Material for the task:
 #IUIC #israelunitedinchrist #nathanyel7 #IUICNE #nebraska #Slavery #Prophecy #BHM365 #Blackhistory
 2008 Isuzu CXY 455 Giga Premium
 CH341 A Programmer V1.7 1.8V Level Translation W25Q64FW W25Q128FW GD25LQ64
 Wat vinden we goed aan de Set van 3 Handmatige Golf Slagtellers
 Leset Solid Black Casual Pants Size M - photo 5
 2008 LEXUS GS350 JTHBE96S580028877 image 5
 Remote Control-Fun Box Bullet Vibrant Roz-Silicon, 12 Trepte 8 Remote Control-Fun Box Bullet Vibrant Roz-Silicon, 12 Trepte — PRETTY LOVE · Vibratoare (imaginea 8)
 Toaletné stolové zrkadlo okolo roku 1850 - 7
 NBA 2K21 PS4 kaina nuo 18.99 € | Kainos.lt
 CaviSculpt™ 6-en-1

---

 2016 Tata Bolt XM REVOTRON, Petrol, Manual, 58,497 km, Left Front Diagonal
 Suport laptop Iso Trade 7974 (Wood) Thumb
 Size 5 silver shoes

What the exercise asks:
With the line holding "2016 Tata Bolt" as the first and the line holding "Size 5 silver shoes" as the last, please transcribe exactly the lines of the material above in that range and nothing else.

Output of the task:
 2016 Tata Bolt XM REVOTRON, Petrol, Manual, 58,497 km, Left Front Diagonal
 Suport laptop Iso Trade 7974 (Wood) Thumb
 Size 5 silver shoes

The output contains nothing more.